I feel anxious, restless, or constantly on edge

You may notice:
• A tight chest or throat
• Fast heartbeat
• A mind that won’t switch off
• Feeling jumpy, restless, or on alert all the time
• A sense that something bad might happen

If this feels familiar, here’s something important to know:

Anxiety is not a weakness.
It’s your brain trying (a little too hard) to protect you.

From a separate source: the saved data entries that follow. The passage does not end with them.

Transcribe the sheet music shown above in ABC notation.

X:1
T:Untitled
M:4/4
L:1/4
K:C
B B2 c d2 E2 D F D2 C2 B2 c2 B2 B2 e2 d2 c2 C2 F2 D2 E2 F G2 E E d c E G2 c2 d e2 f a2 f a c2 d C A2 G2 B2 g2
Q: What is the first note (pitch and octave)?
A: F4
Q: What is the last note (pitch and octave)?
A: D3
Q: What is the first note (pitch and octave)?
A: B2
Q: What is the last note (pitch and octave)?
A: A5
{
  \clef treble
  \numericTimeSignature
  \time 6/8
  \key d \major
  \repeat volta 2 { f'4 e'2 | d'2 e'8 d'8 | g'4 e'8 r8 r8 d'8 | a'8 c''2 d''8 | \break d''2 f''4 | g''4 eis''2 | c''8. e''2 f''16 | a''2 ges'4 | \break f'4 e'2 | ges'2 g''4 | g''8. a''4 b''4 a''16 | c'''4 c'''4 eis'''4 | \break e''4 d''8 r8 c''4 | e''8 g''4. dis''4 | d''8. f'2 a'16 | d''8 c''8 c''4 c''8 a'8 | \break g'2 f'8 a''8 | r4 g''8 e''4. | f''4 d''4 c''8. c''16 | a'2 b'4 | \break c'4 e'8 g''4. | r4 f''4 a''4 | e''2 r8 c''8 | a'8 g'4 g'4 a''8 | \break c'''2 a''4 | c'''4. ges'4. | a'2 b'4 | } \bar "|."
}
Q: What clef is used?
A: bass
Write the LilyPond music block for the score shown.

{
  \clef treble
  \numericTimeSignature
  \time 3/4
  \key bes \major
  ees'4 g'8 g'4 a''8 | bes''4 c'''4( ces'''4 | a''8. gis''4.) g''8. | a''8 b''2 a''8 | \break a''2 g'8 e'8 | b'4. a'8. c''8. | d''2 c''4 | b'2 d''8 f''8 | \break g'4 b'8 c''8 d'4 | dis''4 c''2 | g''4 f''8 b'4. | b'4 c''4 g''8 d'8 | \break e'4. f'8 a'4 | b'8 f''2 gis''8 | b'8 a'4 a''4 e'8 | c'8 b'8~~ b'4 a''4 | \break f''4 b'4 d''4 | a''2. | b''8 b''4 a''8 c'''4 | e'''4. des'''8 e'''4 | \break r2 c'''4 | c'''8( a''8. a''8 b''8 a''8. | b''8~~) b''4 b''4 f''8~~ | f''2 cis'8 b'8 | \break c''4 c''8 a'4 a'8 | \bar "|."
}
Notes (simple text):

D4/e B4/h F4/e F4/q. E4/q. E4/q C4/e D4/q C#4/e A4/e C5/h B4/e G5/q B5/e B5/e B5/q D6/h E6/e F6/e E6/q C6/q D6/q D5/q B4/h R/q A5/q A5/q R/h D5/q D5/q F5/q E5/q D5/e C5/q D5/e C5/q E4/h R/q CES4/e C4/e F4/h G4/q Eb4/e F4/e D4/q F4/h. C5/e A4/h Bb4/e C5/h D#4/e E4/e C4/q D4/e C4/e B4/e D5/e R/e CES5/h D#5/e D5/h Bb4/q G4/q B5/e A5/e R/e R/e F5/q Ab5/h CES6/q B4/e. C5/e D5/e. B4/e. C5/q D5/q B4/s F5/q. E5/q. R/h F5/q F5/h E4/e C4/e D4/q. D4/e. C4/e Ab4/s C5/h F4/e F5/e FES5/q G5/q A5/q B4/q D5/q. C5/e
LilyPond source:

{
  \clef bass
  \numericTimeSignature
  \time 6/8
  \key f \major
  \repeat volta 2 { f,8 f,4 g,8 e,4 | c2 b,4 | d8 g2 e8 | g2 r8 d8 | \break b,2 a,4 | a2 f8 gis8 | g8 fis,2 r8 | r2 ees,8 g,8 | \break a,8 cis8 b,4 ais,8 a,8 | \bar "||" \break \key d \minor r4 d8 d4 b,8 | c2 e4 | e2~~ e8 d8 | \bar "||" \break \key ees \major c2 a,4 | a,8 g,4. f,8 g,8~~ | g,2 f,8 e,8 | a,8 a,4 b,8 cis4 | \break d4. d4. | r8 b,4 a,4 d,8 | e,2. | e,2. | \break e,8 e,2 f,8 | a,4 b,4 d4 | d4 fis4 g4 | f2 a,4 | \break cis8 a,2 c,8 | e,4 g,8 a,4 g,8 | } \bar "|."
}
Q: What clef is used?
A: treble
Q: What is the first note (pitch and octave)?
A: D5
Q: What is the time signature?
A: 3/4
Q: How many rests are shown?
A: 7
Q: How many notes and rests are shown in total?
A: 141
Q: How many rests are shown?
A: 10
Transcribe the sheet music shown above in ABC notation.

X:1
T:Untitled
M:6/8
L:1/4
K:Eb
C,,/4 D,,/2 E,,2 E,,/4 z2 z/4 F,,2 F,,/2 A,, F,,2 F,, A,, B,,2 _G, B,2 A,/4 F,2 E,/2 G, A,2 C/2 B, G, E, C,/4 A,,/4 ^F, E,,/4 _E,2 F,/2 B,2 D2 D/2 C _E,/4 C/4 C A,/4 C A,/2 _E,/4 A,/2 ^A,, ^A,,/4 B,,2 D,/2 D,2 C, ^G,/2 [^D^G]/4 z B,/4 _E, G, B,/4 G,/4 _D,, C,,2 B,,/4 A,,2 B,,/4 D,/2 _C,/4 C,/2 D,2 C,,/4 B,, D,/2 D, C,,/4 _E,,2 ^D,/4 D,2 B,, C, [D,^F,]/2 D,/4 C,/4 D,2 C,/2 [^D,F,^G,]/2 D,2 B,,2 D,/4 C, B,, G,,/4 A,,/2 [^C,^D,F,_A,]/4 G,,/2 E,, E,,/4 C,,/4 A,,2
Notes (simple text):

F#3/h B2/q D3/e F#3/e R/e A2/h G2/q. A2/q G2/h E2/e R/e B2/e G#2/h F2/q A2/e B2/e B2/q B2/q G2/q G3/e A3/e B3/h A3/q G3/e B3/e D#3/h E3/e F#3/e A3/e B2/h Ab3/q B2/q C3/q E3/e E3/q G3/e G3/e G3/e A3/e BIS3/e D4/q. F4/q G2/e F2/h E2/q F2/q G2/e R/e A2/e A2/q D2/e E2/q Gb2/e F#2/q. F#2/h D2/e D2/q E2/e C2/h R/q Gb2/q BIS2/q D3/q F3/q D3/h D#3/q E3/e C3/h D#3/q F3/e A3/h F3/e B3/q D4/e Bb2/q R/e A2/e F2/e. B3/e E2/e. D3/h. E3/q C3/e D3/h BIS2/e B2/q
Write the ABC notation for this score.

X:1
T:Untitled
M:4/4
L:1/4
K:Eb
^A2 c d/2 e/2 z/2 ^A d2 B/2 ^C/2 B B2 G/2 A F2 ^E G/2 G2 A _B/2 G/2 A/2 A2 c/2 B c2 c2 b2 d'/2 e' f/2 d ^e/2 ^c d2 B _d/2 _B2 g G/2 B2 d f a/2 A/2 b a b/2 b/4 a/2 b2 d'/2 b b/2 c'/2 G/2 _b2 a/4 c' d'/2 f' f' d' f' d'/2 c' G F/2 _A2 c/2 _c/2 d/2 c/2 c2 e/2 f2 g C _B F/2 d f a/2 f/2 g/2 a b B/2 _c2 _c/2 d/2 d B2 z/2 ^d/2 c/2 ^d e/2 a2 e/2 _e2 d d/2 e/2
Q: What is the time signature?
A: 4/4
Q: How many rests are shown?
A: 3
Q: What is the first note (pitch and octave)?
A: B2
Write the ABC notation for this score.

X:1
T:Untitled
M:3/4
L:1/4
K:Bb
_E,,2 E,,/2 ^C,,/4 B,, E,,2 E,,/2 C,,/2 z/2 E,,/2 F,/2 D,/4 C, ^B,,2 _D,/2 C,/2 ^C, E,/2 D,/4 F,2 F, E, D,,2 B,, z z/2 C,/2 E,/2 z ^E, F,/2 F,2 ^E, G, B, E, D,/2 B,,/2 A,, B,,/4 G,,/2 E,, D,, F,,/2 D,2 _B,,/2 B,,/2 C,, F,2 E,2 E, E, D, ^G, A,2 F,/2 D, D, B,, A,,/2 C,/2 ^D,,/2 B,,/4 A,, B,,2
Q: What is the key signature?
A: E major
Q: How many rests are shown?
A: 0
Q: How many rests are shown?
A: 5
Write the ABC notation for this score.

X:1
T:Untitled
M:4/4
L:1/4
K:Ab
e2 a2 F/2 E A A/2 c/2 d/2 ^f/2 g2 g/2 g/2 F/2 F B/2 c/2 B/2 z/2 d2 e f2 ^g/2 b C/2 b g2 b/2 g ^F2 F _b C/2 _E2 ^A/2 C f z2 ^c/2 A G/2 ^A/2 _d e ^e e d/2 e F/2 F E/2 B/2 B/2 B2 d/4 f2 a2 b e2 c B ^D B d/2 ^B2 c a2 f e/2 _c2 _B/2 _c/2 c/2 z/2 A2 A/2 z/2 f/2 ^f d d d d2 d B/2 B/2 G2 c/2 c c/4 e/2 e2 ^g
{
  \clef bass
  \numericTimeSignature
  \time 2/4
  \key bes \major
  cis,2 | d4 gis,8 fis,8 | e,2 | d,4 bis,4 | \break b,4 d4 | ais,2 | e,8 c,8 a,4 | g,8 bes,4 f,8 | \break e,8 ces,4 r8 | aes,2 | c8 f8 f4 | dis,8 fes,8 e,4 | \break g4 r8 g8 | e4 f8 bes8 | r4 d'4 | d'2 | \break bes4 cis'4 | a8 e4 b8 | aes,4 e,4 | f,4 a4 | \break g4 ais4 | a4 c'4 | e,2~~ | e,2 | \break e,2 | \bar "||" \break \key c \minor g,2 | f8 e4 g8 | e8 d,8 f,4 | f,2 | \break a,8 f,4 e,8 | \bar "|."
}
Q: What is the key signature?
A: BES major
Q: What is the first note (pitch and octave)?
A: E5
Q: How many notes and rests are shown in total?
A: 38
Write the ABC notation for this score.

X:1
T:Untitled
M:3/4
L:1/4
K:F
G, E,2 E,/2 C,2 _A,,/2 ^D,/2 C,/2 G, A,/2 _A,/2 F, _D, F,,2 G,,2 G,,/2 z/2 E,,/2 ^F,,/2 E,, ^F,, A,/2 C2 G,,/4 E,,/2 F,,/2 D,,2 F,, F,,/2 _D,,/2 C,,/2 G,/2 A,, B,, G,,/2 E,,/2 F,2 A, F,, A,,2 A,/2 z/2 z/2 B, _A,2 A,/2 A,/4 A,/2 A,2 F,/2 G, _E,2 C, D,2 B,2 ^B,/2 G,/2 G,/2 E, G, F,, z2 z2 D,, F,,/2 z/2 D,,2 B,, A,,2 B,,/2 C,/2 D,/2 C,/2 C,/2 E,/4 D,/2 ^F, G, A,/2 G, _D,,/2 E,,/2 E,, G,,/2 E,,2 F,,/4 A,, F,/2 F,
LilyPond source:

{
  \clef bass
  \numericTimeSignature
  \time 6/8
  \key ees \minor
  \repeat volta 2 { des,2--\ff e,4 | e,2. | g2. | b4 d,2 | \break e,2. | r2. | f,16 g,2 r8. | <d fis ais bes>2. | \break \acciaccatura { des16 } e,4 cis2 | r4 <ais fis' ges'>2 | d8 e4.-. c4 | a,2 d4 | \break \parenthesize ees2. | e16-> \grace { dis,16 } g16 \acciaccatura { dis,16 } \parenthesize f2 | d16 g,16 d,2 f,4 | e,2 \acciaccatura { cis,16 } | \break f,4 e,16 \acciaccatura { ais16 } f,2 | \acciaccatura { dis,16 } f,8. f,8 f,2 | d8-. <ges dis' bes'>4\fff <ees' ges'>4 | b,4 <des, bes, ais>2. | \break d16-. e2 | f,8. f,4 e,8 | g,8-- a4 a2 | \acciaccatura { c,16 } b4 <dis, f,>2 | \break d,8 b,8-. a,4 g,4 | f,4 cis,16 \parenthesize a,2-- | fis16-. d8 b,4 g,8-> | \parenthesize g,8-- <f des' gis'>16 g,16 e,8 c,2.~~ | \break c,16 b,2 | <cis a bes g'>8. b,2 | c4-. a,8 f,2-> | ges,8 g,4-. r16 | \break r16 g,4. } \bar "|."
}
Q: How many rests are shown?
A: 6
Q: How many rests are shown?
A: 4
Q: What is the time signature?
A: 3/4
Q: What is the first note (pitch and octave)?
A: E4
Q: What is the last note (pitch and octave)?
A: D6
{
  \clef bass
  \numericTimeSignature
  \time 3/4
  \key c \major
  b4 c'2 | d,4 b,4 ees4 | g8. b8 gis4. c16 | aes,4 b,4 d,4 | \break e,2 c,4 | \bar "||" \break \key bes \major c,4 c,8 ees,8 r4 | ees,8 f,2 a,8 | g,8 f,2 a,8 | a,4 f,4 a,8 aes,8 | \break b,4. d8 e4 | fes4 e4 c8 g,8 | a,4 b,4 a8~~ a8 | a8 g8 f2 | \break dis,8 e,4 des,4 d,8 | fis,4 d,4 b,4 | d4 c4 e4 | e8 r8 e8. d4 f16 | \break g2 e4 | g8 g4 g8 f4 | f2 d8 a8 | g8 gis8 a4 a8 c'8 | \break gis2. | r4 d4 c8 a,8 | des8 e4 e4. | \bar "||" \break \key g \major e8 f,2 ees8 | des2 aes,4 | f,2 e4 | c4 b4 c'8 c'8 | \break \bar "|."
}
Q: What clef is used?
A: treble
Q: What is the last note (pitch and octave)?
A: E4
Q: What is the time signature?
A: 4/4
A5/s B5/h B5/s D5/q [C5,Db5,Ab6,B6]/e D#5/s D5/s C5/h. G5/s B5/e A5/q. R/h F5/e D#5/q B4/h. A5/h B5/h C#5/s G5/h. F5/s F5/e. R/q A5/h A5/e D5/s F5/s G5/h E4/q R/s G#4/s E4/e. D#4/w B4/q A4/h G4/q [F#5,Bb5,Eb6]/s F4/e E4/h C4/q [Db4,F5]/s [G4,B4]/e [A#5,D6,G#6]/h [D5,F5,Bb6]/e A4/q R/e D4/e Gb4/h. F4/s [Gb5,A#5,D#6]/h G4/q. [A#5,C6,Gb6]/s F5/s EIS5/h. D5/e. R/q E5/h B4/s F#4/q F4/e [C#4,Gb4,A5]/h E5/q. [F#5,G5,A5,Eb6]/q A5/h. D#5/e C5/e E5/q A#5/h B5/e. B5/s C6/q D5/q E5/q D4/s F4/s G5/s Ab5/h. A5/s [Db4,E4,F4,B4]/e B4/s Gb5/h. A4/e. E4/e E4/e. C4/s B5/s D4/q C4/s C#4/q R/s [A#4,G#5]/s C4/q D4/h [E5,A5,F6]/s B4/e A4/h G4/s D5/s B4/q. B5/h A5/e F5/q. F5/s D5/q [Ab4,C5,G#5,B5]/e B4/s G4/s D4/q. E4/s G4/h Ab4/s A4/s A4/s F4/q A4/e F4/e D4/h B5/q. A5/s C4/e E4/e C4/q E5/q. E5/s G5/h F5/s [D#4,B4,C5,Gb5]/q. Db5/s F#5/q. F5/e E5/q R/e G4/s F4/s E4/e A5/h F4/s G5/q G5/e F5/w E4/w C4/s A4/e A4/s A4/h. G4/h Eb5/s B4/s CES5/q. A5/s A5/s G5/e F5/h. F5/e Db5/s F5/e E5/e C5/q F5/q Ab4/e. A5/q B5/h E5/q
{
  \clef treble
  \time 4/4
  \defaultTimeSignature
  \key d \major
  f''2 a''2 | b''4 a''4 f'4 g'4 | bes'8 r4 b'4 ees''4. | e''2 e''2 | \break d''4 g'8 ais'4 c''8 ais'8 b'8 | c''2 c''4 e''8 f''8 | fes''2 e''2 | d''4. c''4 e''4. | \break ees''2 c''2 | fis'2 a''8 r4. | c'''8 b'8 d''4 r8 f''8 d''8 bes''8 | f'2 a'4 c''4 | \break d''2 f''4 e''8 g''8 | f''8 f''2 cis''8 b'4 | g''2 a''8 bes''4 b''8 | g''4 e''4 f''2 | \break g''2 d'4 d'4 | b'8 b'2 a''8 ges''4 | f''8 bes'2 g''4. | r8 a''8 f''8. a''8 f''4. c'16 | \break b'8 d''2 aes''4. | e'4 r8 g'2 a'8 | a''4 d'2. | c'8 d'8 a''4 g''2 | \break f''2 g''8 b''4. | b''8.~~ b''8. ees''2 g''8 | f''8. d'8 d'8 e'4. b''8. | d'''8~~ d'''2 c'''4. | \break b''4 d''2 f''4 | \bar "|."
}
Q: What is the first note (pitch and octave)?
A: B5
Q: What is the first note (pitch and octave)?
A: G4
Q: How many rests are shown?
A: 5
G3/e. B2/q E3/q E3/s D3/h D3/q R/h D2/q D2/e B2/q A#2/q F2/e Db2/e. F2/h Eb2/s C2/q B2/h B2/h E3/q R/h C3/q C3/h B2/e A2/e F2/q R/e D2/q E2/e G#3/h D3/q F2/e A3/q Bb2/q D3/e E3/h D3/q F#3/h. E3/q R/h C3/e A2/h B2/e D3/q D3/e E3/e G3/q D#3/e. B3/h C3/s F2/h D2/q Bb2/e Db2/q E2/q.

Your nervous system is stuck in alert mode.
Let’s help it calm down.

The Nervous System Reset Breath

What this helps with
• Sudden anxiety or panic
• Chest tightness
• Breathlessness
• That “I need to escape” feeling

Why this works
Anxiety speeds up your breathing and heart rate.
Slow breathing — especially a longer exhale — tells your brain:
“I’m safe.”

This is a physical reset, not positive thinking.

How to do it
1. Sit or stand comfortably
2. Breathe in through your nose for 4 seconds
3. Breathe out slowly through your mouth for 6 seconds
4. Keep your shoulders relaxed
5. Repeat for 2–3 minutes

If your chest feels tight, don’t force the breath.
Let it lengthen gently.

What to expect

You may notice:
• Slight slowing of your heartbeat
• Less tightness
• Quieter thoughts

Even a small shift is progress.

Name It, Don’t Fight It

What this helps with
• Racing thoughts
• Fear of losing control
• Anxiety feeding on itself
• “What if this never stops?” thinking

Why this works

When you label what you’re experiencing, the thinking part of your brain activates.
This naturally reduces emotional overload.

How to do it

Silently or out loud, say:
• “This is anxiety.”
• “My nervous system is activated.”
• “This is uncomfortable, not dangerous.”

Then add:
“I don’t need to fix this right now.”

If thoughts keep coming, simply say:
“Noticing anxious thoughts.”

No arguing.
No analysing.
Just noticing.

Remember This

Anxiety is like a wave:
• Fighting it exhausts you
• Running from it overwhelms you
• Letting it rise and fall carries you through

These tools teach your brain that it doesn’t need to shout to keep you safe.

A Gentle Reminder

You don’t calm anxiety by being stronger.
You calm it by helping your body feel safer.

Practice matters more than perfection.